__WHAT IS EXPECTED__.
Beneath this line sits some data. Return only its lines from the one holding "Староместный бургер с рваной свининой" through the one holding "Photo of Bedroom in Arnal", inclusive, exactly, with the images removed.

__EXERCISE DATA__.
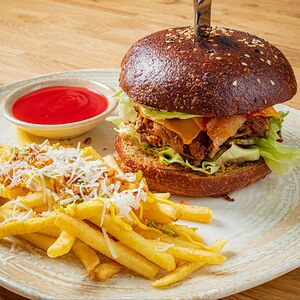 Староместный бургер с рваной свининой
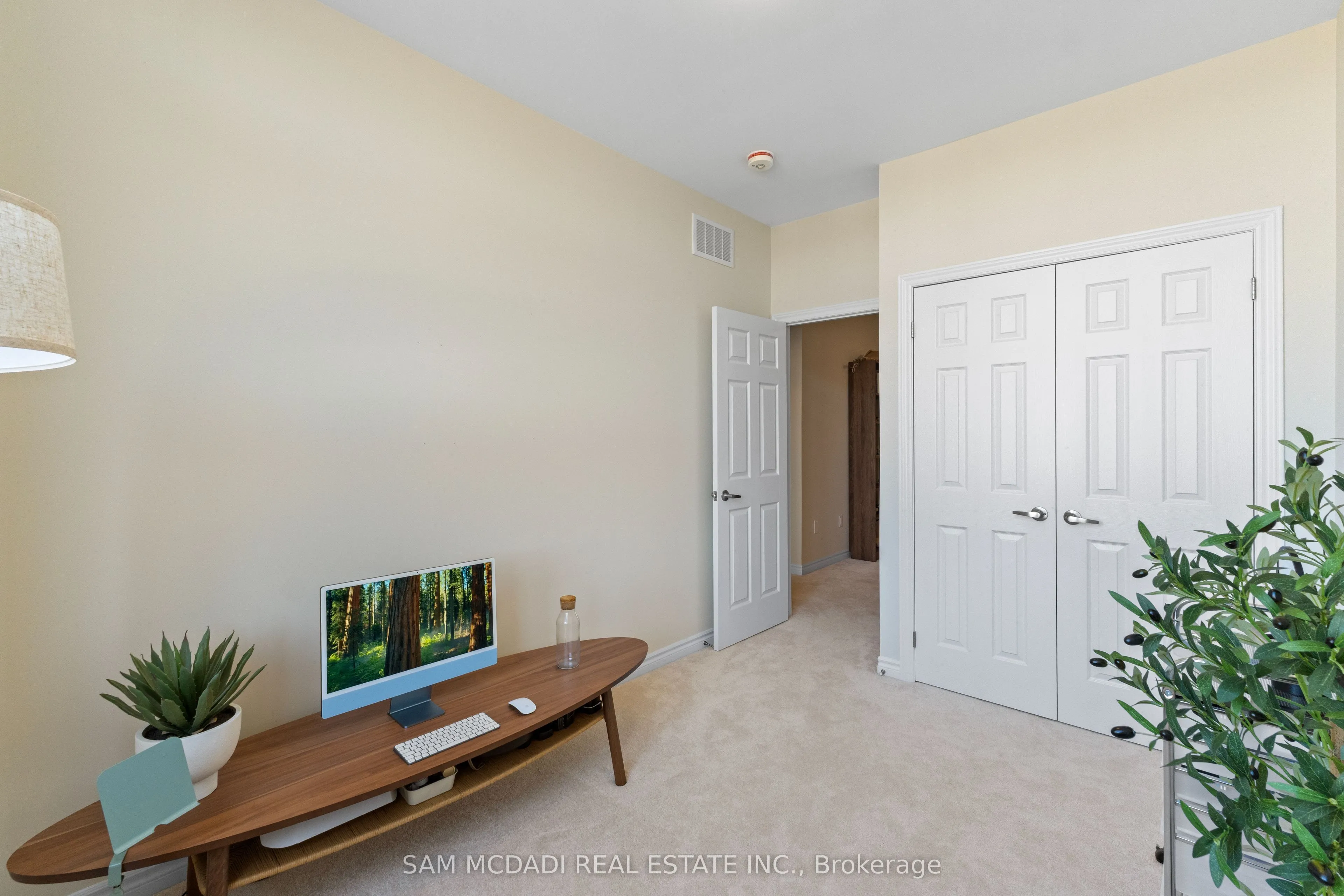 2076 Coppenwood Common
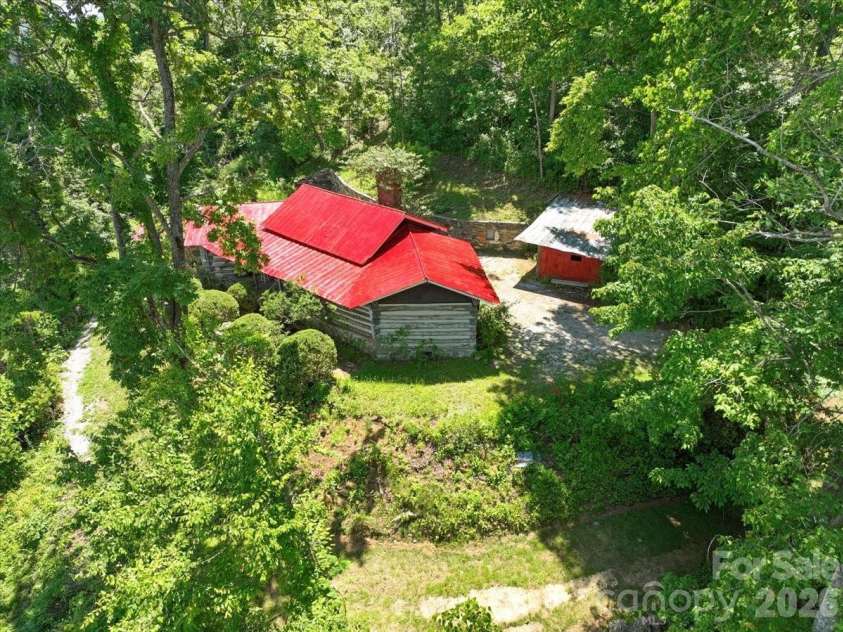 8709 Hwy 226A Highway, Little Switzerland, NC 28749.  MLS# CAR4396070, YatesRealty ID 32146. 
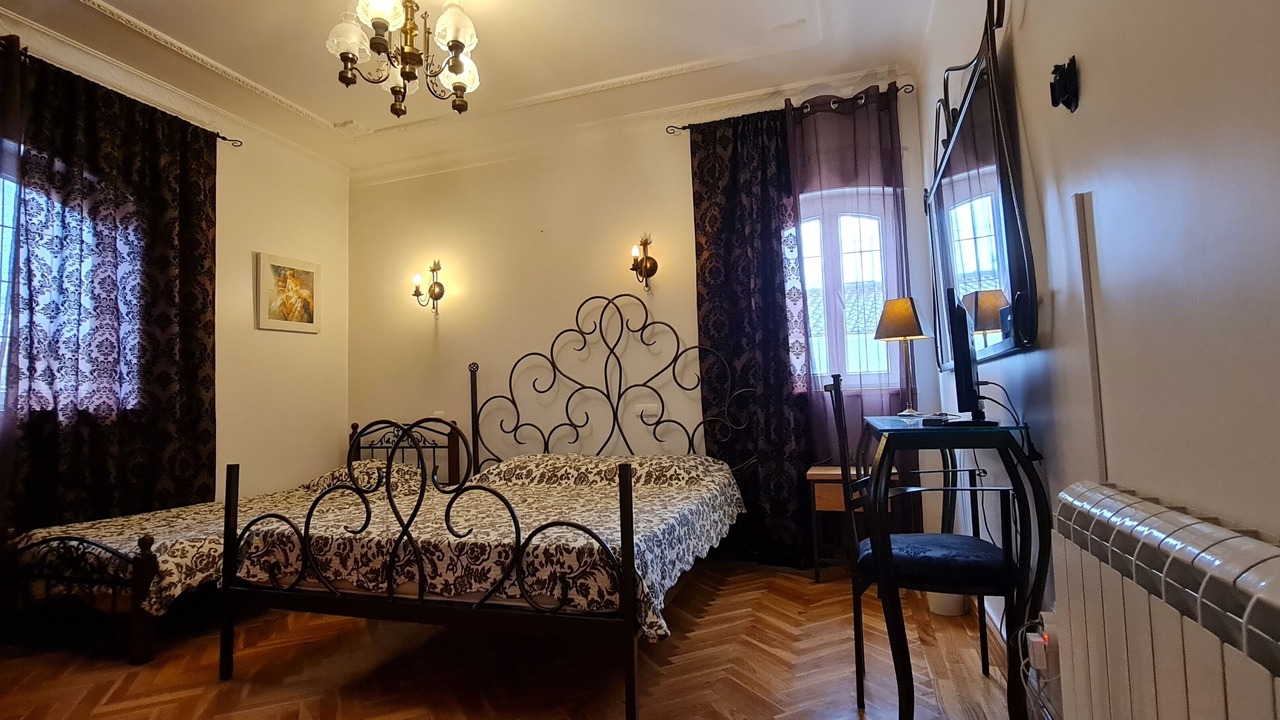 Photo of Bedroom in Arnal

---

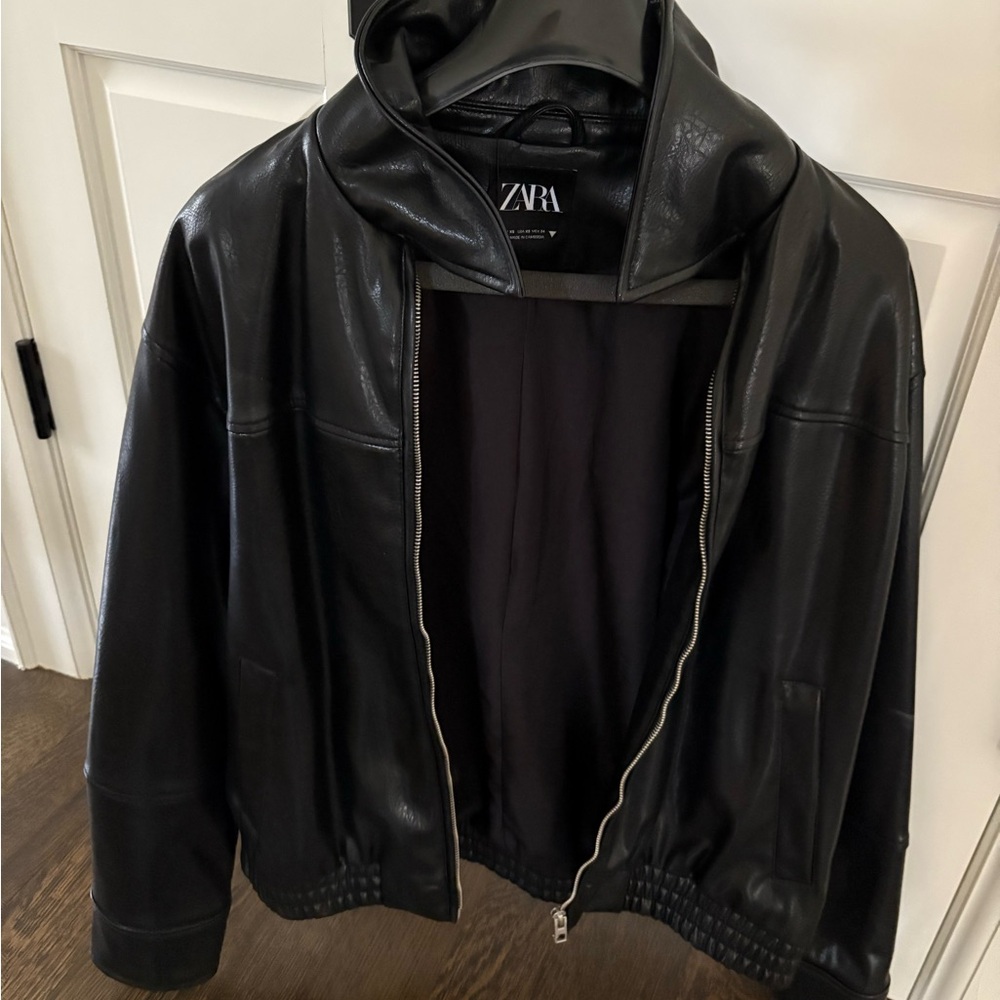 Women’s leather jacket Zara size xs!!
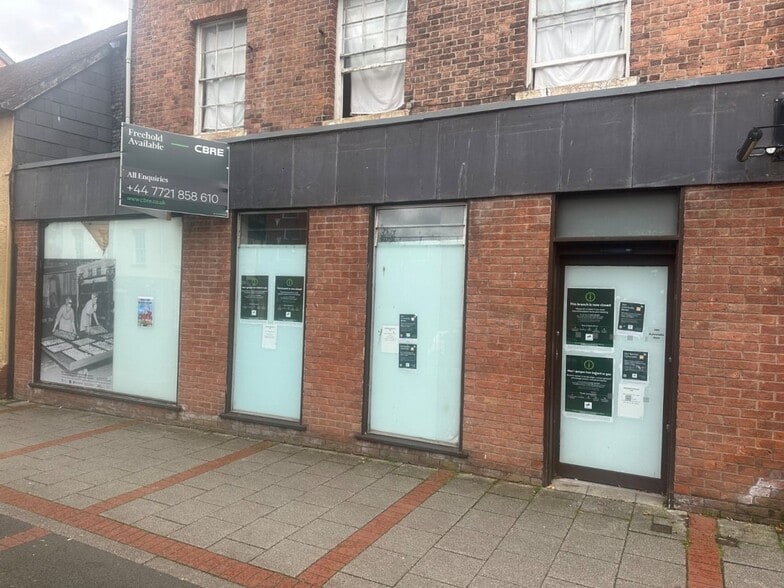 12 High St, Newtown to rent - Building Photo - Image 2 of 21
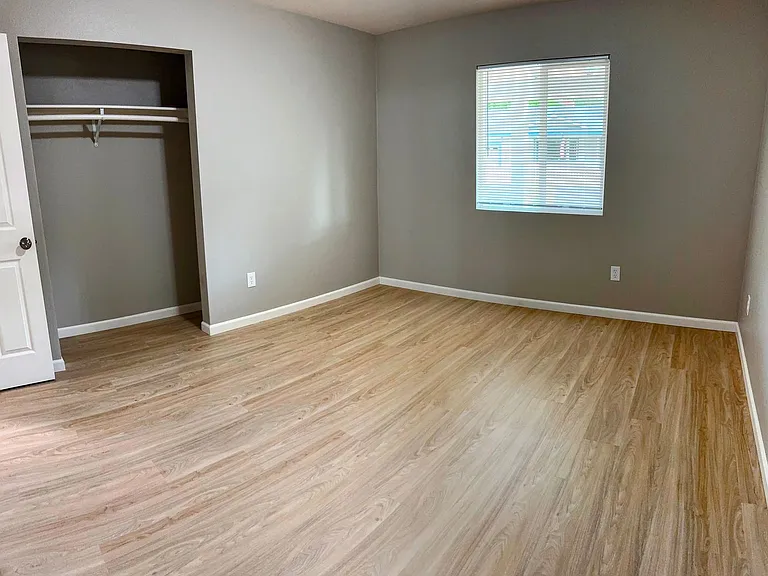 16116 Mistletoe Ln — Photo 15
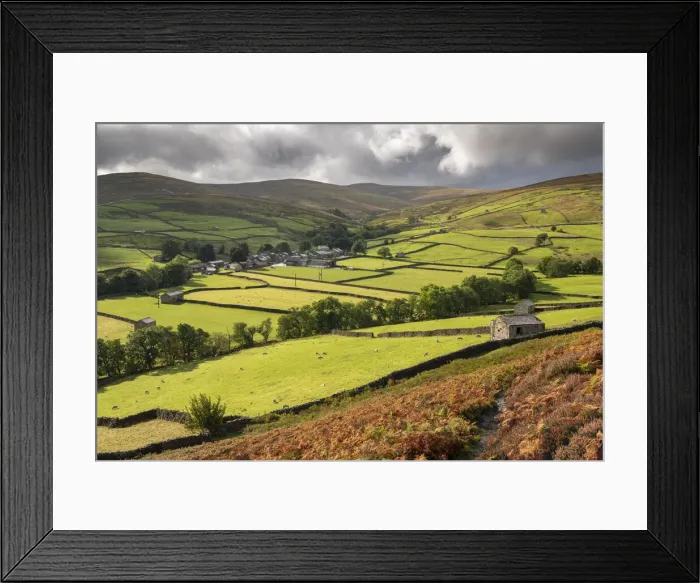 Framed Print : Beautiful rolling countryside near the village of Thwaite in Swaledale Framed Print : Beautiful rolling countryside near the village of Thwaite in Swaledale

---

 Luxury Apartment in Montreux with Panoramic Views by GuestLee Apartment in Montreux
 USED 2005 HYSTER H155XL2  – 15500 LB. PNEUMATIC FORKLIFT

__ANSWER SPACE__.
 Староместный бургер с рваной свининой
 2076 Coppenwood Common
 8709 Hwy 226A Highway, Little Switzerland, NC 28749.  MLS# CAR4396070, YatesRealty ID 32146. 
 Photo of Bedroom in Arnal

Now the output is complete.